5.2.11.7. Split-Valence (aka double zeta) Basis Sets#

Minimal basis sets are too rigid, especially for valence electrons.

5.2.11.7.1. Idea:#

Use multiple functions to describe valence orbitals.

A common nomenclature for these basis is, e.g 6-31G. These are called Pople basis sets. 6-31G means that each core orbital is approximated by a single “6”-contracted Gaussian basis funciton while each valence oribtal is split into two basis funcitons, one that is a “3”-contracted Gaussian function and another that is a single Gaussian.

Example 1: 6-31G

Core orbitals: 6 Gaussians
Valence orbitals:
- 3 Gaussians (inner part)
- 1 Gaussian (outer part)

Example 2: 3-21G

Core orbitals: 3 Gaussians
Valence orbitals:
- 2 Gaussians (inner part)
- 1 Gaussian (outer part)

5.2.11.7.2. Why?#

Allows orbitals to expand/contract during bonding

5.2.11.7.3. Example: A Carbon Atom in 6-31G#

Carbon has 1 core spatial orbital: The 1s orbital is approximated as a single basis function (which is a 6 Gaussian contraction)
Carbon has 4 valence orbitals:
- 2s obital is approximated by 2 functions: A 3 Gaussian contraction inner part and a 1 Gaussian outer part
- 3 2p orbitals each approximation by 2 functions: A 3 Gaussian contraction inner part and a 1 Gaussian outer part
Carbon has 1 + 4*2 = 9 basis functions

5.2.11.7.4. Triple Zeta Basis Sets#

Even double zeta basis sets are sometimes not flexible enough to describe the valence orbitals.

5.2.11.7.5. Idea:#

Add another basis function to the valence orbitals.
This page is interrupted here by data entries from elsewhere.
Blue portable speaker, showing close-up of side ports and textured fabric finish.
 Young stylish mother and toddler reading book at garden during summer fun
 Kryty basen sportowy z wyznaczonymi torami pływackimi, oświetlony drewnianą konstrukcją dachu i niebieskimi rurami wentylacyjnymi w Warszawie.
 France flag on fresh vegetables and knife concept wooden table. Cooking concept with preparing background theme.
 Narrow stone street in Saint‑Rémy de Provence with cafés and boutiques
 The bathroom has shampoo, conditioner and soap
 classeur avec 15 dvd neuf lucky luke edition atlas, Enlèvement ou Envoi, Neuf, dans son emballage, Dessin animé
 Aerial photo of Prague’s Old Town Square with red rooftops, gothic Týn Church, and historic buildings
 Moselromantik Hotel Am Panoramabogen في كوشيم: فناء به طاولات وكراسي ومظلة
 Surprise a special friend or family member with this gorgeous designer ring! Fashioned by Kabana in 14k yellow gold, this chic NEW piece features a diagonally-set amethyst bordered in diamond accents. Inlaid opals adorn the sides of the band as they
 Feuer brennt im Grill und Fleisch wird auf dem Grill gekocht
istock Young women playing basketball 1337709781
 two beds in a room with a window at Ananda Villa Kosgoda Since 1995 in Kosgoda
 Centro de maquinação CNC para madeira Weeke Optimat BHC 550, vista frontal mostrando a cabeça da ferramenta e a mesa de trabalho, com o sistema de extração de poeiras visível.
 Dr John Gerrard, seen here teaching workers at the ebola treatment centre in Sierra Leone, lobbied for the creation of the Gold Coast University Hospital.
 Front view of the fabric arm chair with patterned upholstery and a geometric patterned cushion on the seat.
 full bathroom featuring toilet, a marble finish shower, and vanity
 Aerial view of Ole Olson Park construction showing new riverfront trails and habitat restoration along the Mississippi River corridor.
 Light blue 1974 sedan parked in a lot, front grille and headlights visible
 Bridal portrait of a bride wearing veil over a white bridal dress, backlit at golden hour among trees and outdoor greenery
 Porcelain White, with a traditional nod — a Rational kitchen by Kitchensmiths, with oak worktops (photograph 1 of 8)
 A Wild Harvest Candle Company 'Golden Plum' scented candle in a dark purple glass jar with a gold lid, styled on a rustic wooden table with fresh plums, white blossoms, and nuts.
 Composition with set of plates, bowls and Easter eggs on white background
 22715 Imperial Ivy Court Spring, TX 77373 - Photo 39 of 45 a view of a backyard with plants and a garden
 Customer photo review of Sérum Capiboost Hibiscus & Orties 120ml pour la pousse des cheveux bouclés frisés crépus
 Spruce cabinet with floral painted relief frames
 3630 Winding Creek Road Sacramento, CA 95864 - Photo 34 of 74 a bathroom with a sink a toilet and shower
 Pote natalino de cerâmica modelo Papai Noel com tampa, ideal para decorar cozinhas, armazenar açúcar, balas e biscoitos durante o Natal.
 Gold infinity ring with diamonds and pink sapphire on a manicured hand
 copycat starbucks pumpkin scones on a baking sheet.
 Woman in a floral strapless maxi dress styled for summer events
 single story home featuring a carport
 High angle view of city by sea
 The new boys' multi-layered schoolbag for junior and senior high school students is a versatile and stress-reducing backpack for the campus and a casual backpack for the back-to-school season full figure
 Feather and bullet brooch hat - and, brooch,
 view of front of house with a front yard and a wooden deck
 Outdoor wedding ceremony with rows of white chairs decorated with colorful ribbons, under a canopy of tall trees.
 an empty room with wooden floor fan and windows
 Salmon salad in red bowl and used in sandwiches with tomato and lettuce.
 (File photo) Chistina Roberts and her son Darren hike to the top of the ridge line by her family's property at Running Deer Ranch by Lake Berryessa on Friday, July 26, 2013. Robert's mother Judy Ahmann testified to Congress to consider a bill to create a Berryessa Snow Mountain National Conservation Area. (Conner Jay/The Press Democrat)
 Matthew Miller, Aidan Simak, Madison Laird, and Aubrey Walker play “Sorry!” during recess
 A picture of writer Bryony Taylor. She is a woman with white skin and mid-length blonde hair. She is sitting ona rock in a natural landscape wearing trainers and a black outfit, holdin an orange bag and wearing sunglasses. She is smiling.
In the Pople nomenclature, these look like, e.g. 6-311G.

Example 1: 6-311G

Core orbitals: 6 Gaussians
Valence orbitals:
- 3 Gaussians (inner part)
- 1 Gaussian (outer part)
- 1 Gaussian (outer part)

5.2.11.7.6. Example A Carbon Atom in 6-311G#

Carbon has 1 core spatial orbital: The 1s orbital is approximated as a single basis function (which is a 6 Gaussian contraction)
Carbon has 4 valence orbitals:
- 2s obital is approximated by 2 functions: A 3 Gaussian contraction inner part, a 1 Gaussian outer part, and another a 1 Gaussian outer part
- 3 2p orbitals each approximation by 2 functions: A 3 Gaussian contraction inner part, a 1 Gaussian outer part, and another a 1 Gaussian outer part
Carbon has 1 + 4*3 = 13 basis functions in 6-311G basis

5.2.11.8. Polarization Functions#

Polarization functions allow orbitals to change shape.

Example:

Add d-functions to carbon
Add p-functions to hydrogen

Notation:

6-31G(d)
6-31G(d,p)

5.2.11.8.1. Physical Meaning:#

Enables directional bonding
Critical for:
- molecular geometry
- reaction barriers

5.2.11.8.2. Example: A Carbon Atom in 6-31G(d)#

Carbon has 1 core spatial orbital: The 1s orbital is approximated as a single basis function (which is a 6 Gaussian contraction)
Carbon has 4 valence orbitals:
- 2s obital is approximated by 2 functions: A 3 Gaussian contraction inner part and a 1 Gaussian outer part
- 3 2p orbitals each approximation by 2 functions: A 3 Gaussian contraction inner part and a 1 Gaussian outer part
We add 6 d-like functions (should be five but mathematically easier to add six)
Carbon has 1 + 4*2 + 6 = 15 basis functions

5.2.11.9. Diffuse Functions#

Diffuse functions describe electrons far from the nucleus.